” . . . when Jesus also had been baptized” Luke 3:21
The letters A, B, C and D can help us think about the story of the baptism of Jesus: A for “all”, B for “baptized”, C for “Christ”, and D for “dove.
A is for “all.” Saint Luke uses the word “all” three times in the verses we read: “all were questioning in their hearts concerning John”, says Verse 15; “John answered all of them,” says Verse 16; and “when all the people were baptized”, says Verse 21. The desire for change, the desire for a different sort of religion, is not something felt by only a small number of people, it is a popular movement. The questions are being asked by the crowds and John speaks openly to the crowd. The word “all” suggests that not only was there a large number, but that they came from all sorts of backgrounds and that there was no discrimination in how they were treated.
The word “all” is a challenge to us. Would all the people in our own times ever ask questions about Christian faith in the way that all the people asked about John? John answers all of them, can we ever say that the church is heard by all the people? There was such a desire for change that all the people were baptized by John, is there a desire for change among people today? If we do not reach all the people, then are we being the people God expects us to be?
B is for “baptized”. “I baptize you with water”, John tells the crowd in Verse 16. Baptism for the Jewish people was a sign of washing away their past and beginning anew; it was an outward sign of repentance, of a desire to get rid of the impurities of one’s former life and begin anew. The people who went to the Jordan to be baptized by John went for a baptism of penitence. It was not a baptism that was undertaken once and for all, but rather was one that might be repeated if the penitent person felt it was necessary. John the Baptist is baptizing people who know they have sinned and who want to outwardly show that they are sorry and that they want to start again.
In our own times, can we imagine people gathering in crowds to declare that they know their life has gone wrong and that they want to begin new lives? In times when people are concerned with themselves, in times when we are told that our own wealth, our own satisfaction, our own contentment, are all that matters, can we imagine people publicly declaring that they want to give up such lives? John calls people to a baptism of repentance, do we as Christians have the courage to call people to change?
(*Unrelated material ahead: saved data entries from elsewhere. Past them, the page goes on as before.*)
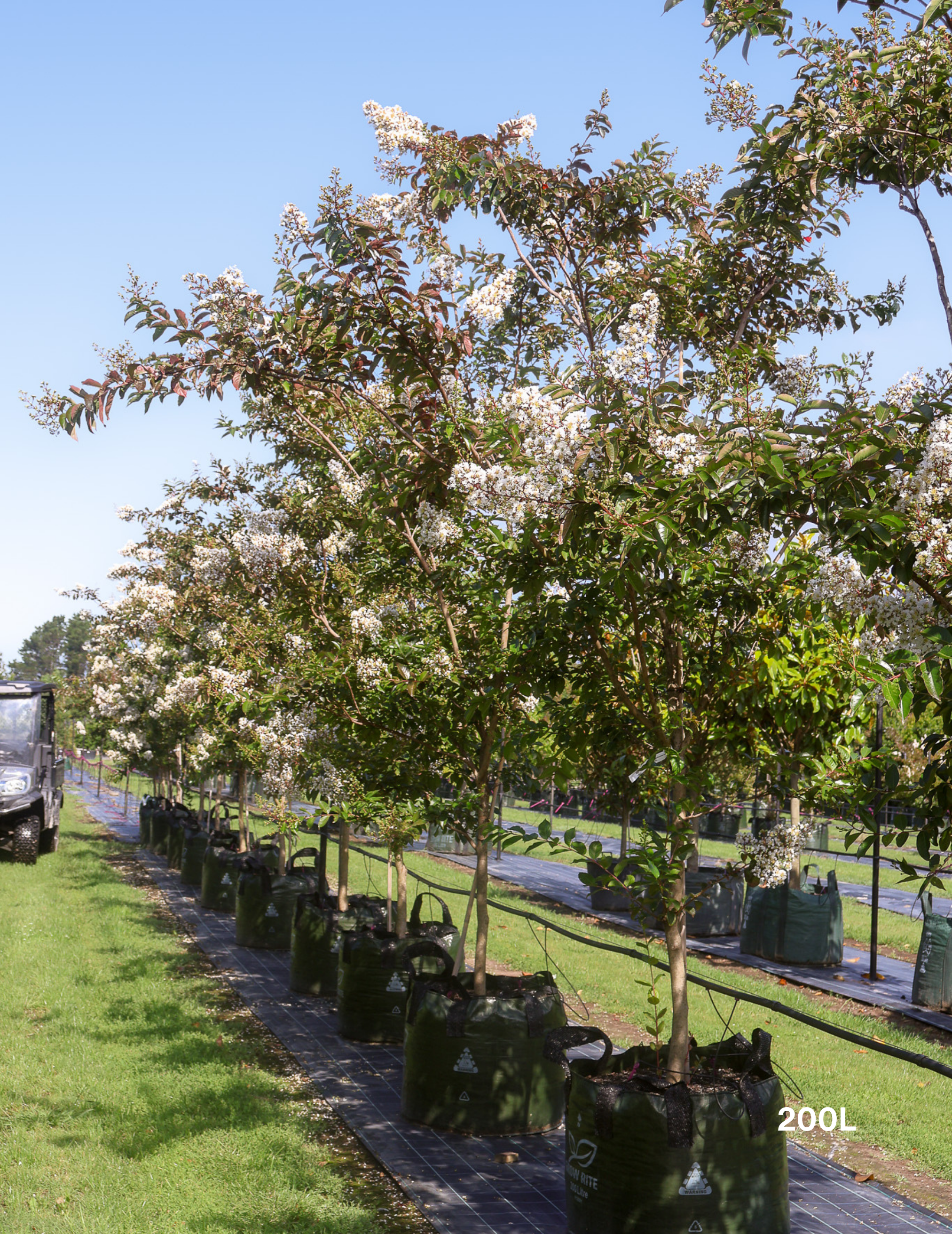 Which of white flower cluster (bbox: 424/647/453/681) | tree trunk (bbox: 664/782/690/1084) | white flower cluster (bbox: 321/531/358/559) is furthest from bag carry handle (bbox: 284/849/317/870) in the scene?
tree trunk (bbox: 664/782/690/1084)

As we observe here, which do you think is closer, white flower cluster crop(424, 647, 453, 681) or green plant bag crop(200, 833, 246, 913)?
white flower cluster crop(424, 647, 453, 681)

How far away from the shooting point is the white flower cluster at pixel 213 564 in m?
10.3

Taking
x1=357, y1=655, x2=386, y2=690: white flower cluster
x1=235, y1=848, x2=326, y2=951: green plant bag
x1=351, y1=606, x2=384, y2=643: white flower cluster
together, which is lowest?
x1=235, y1=848, x2=326, y2=951: green plant bag

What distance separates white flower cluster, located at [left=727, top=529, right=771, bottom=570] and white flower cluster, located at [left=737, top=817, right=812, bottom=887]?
3.80 ft

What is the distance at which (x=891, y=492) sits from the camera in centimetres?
316

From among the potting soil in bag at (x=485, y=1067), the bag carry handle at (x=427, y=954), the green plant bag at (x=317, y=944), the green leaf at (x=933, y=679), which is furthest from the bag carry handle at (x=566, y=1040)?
the green plant bag at (x=317, y=944)

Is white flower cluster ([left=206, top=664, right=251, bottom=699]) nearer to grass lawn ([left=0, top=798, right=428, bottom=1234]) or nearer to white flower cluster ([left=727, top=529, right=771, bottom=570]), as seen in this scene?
grass lawn ([left=0, top=798, right=428, bottom=1234])

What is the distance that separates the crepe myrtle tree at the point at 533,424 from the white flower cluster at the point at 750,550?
1.0 inches

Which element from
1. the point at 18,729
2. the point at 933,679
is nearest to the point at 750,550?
the point at 933,679

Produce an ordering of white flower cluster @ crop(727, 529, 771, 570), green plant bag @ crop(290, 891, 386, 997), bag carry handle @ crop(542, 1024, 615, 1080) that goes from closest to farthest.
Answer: white flower cluster @ crop(727, 529, 771, 570), bag carry handle @ crop(542, 1024, 615, 1080), green plant bag @ crop(290, 891, 386, 997)

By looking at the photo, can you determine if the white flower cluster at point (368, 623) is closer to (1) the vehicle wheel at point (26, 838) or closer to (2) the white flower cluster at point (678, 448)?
(2) the white flower cluster at point (678, 448)

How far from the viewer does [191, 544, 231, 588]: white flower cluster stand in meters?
10.3

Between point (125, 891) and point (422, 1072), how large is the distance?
10594 millimetres

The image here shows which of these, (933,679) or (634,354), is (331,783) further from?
(933,679) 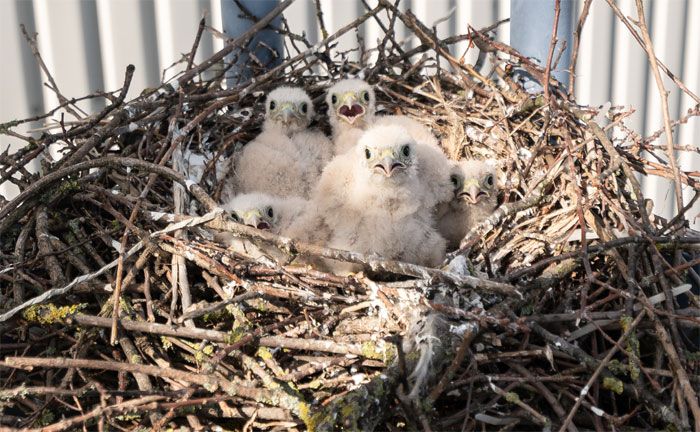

C is for “Christ.” Verse 15 tells us that the people were “questioning in their hearts concerning John, whether he might be the Messiah.” The word “Messiah” is Hebrew for “the anointed one”, in Greek the word is “Christ,”some translations of the Bible use one word, some use the other. John declares he is not the Christ, telling the crowd in Verse 16, “one who is more powerful than I is coming; I am not worthy to untie the thong of his sandals. He will baptize you with the Holy Spirit and fire.” How will the Christ be recognized? In Saint Luke Chapter 7 John sends his disciples to ask Jesus, are you the one who is to come or should we wait for another? In Chapter 7 Verses 22-23, Jesus answers, “‘Go and tell John what you have seen and heard: the blind receive their sight, the lame walk, the lepers are cleansed, the deaf hear, the dead are raised, the poor have good news brought to them. And blessed is anyone who takes no offence at me.”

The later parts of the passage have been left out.